From the beginning of this trip, I'd wanted to avoid long stretches of driving so I could actually enjoy the drive itself.
I'm the kind of person that likes a long road trip and has excellent stamina for driving hours on end. Too bad the same can't be said for watching ballet or learning to play new board games. (Any games I've already learned to play are subject to the rules of my memory, which are usually modified ad hoc according to how lazy I'm feeling at the moment. "Score? No, we don't have to keep score. I'm pretty sure I won, though.")
But on this trip, I needed short stints if I was going to make it around the entire country. I couldn't afford to start hating driving.
The Adirondacks in upstate New York was a perfect midway point, and I called a friend who generously offered to let me stay at the family cabin on Lake George when I asked for suggestions of places to visit and crash.
These little miracles happen often enough when traveling to make me never want to stop. They also make it far easier to ignore the inevitable disasters that make you never want to travel again.
Before I embarked on this trip, I mapped out all of my intended destinations, checking routes and, for the most part, securing lodging. I knew I'd have to wing some of it from the road.
I could not have anticipated the amount of constant communication required to find places to stay. With so many options open at once, it could take hours in one sitting to route and reroute itineraries until I was certain I had somewhere to sleep.
Never knowing where I was going until a few days out was fun for a few weeks. Then it grew tiresome. Longer runways were needed to confirm a couch. I had to start planning more in advance.
With Lake George more or less settled, I slapped shut my laptop on the dining room table and looked out the window at the dusty, hot farm. It all seemed eons away as I got up to check on the pigs.
The Adirondacks still felt eons away as I drove eight hours on no sleep from the Maine coast, showing up at the cabin mid-afternoon with my head completely done in from the drive. I stood in the living room and felt, for the hundredth time, my stuff slide like sandbags from my shoulders and land unceremoniously on the floor.

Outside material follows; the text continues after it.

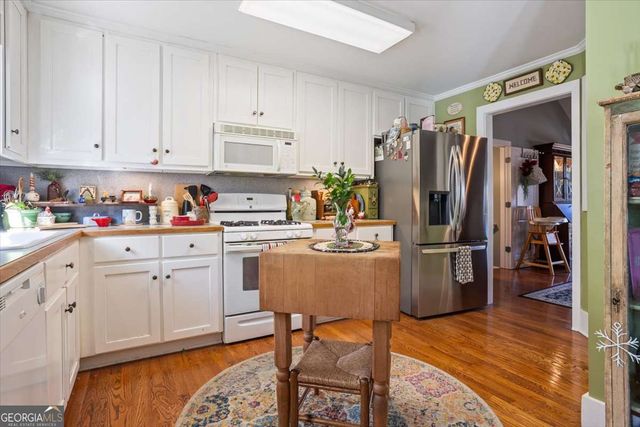 608 Greenleaf Way, Ball Ground, GA 30107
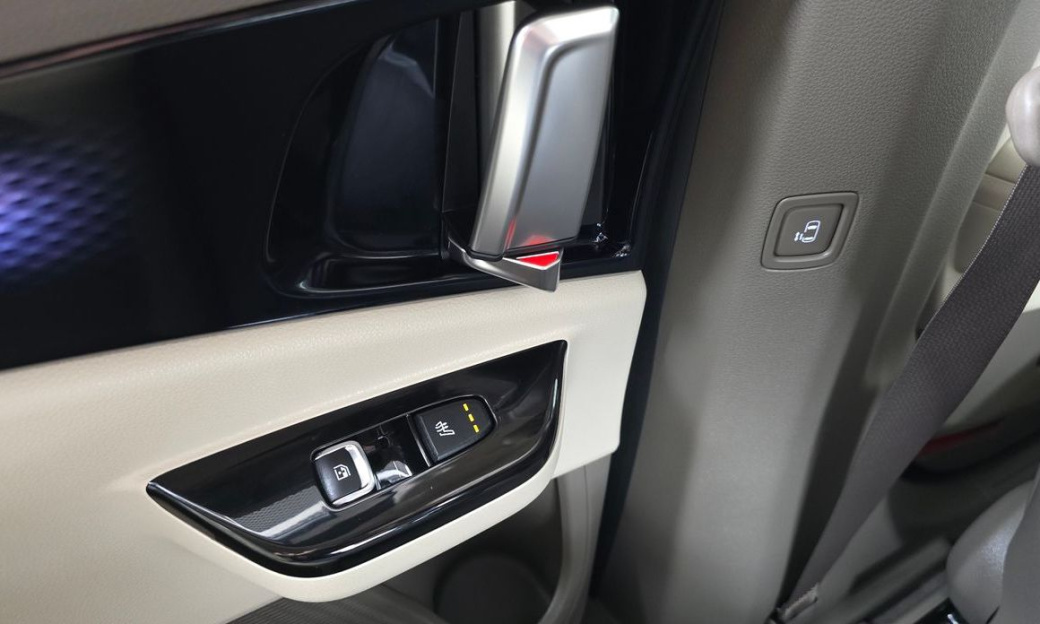 Kia Carnival 11-Seater Signature, 2023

I was getting used to this twinge upon arrival, the one that glues your feet to the ground and says, "What do you really need to do outside of this room, anyway? Explore nature? You know what trees look like. Go sit down."
Much like pre-schoolers or bombastic men, these thoughts go away if you nod and play along at first; then you can do whatever you want once they're pacified.
Obeying the lazies, I found succor in cable television and the promise of going on a long walk the next day. Absorbed in the histrionics of The Real Kardashians of Project Survivor, my body and brain remained blissfully inert until the next morning.
I woke up the next morning thrilled that I'd actually slept, and spent the day walking around the lake for a few hours.
Lake what you see? Ha.
Found on a walk. Just don't bother making high-brow jokes or asking them for tax advice.
When I returned in the afternoon, a neighbor flagged me down and, after chatting for a few minutes, offered me full use of his kayak. (I don't know how to say that without it sounding like a euphemism.)
Within the hour I launched into the lake, blinking in disbelief at my good luck and the beatific weather.
I realized with smug satisfaction that this was the kind of experience broke-ass me in my twenties hated hearing about: "Ohhh, I went to this beautiful place and did this amazing thing and it was transformative and gorgeous and blah blah blah wine blah blah blah you simply must if you can."
The lake was stunning: crisp air and crystalline water on a perfectly sunny day. I weaved my way through the inlets, paddling around small, rocky islands rife with evergreens. It was after Labor Day, so only a few boats were out, and I rode their wake with my elbows bent and paddle aloft, taking it all in.
I hope you hate hearing about this, too. That's how I'll know it was really worth it.
Taken from the dock, not the kayak. A purebred klutz knows better than to bring a phone on the water.
That night I sat on the deck, half-naked and half-remembering the names of the constellations above me. Why yes, they were Adirondack chairs. Why do you ask?
The next morning, I went on another long, meandering walk before leaving for Rochester, NY, where I'd be staying with a friend's parents for a couple of nights.
I packed up, triple-checked the ineluctable shut-down list -- as unique to every cabin as a set of freckles -- and set off for Rochester, my brain doing double-takes as the weekend's memories were cataloged and began to gel, my eyes on the road and looking for more surprises along the way.